The Wolf Reviews
Jim Dening
Pebbles, Debris
Published by Arcade
Suggested Price £7.00
When I first met with the Metroland group of poets at founder Christopher North’s house in Buckinghamshire, I was a tempestuous nineteen year-old who was suspicious of poetry workshop facilitations. Half-way through the night a slightly gawky man who seemed to be forever hiding a sideways smirk, proceeded to read out a few of his poems. His name was Jim Dening, and it was there that my mistrust began to dissipate.
I remember Dening offering the Metrolanders a first read of two very different, yet equally captivating poems, The Ghosts of Canons Ashby and Waiting by the door. Gladly, when Pebbles, Debris came out last year I saw both poems included. While the Kafka-inspired Waiting by the door is a surge of lifeblood for anyone who misplaced the dusty old mantra of ‘carpe diem’, the elaborate Canons Ashby sequence proves truly inspirational for anyone interested in the spiritual or paranormal. In Canons Ashby, and indeed throughout this collection, we are cleverly interwoven into the narrative, not just as onlookers, but as ‘ghosts of the future’.

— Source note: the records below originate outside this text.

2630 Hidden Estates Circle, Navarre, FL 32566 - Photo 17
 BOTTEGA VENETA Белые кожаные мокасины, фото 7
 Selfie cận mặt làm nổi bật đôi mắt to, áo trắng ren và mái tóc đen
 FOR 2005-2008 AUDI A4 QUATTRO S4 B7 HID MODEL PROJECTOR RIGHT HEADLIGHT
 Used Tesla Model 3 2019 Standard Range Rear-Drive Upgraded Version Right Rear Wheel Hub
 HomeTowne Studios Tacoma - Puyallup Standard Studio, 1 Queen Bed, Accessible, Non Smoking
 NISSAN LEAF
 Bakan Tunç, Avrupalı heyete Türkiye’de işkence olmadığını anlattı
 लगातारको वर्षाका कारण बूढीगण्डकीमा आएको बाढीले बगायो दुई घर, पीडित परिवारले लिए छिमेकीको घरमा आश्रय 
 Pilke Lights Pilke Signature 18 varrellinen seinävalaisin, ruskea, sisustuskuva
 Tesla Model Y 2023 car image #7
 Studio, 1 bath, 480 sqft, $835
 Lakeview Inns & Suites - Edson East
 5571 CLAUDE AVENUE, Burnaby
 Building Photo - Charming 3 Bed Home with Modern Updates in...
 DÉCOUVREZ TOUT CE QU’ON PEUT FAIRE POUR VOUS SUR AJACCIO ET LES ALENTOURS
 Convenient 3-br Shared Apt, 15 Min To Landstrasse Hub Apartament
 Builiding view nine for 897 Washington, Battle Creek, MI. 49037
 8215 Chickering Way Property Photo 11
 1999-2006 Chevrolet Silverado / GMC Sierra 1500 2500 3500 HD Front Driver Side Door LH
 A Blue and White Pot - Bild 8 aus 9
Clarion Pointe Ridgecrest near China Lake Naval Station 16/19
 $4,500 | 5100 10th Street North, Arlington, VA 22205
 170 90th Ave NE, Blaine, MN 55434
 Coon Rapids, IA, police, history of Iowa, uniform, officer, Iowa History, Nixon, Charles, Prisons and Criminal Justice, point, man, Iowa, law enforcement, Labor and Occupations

Yet to identify Pebbles, Debris as a collection purely reliant on Dening’s fascination with otherworldliness would be wide of the mark. Throughout are poems of love, family, geology and casually-dressed wit. The delicious opening poem (describing a chess match with his young son on a train to Chester) sets an extremely high standard not always matched by subsequent poems. One reason for this is that it is perhaps one of the most touching poems in the book. Here Dening describes how his wrong move in the game signifies a pivotal condition in the kaleidoscope of parenthood. I knew what a bad move it was…/I played my part/the difficult good father’s part / that gives him life / and lets me die. This is Dening at his most lucid, at the height of his range; breathing fire on the bones of mortality and history.
Though seemingly slender there are sixty-five poems in Dening’s first collection, perhaps five too many. For someone whose work is usually steeped in originality, I was surprised to find the odd gnawing ‘love is…’, or ‘poetry is…’ poem. This could be an editorial flaw, but ultimately an author of Jim Dening’s calibre should know when to steer clear from such exhausted subject material.
Nevertheless, just when you think you’ve finally found a lapse in the momentum of Pebbles, Debris, Dening suddenly throws in another gem of a poem as if he were merely toying with the reader. A stunning back-to-back duo, The quiet mother and Shaking weeds, display a crispness of family memory that few contemporary writers can so well enunciate. So perhaps Dening is having the last laugh. The biography on the final page suggests so. Dening refuses to say ‘where he spent his formative years…what he does for money or whether he lives some of the time in France…’ Above the bio is a picture of Dening himself, wearing that same half-smirk I first caught at Metroland all those years ago. Fittingly, it compliments the entire collection.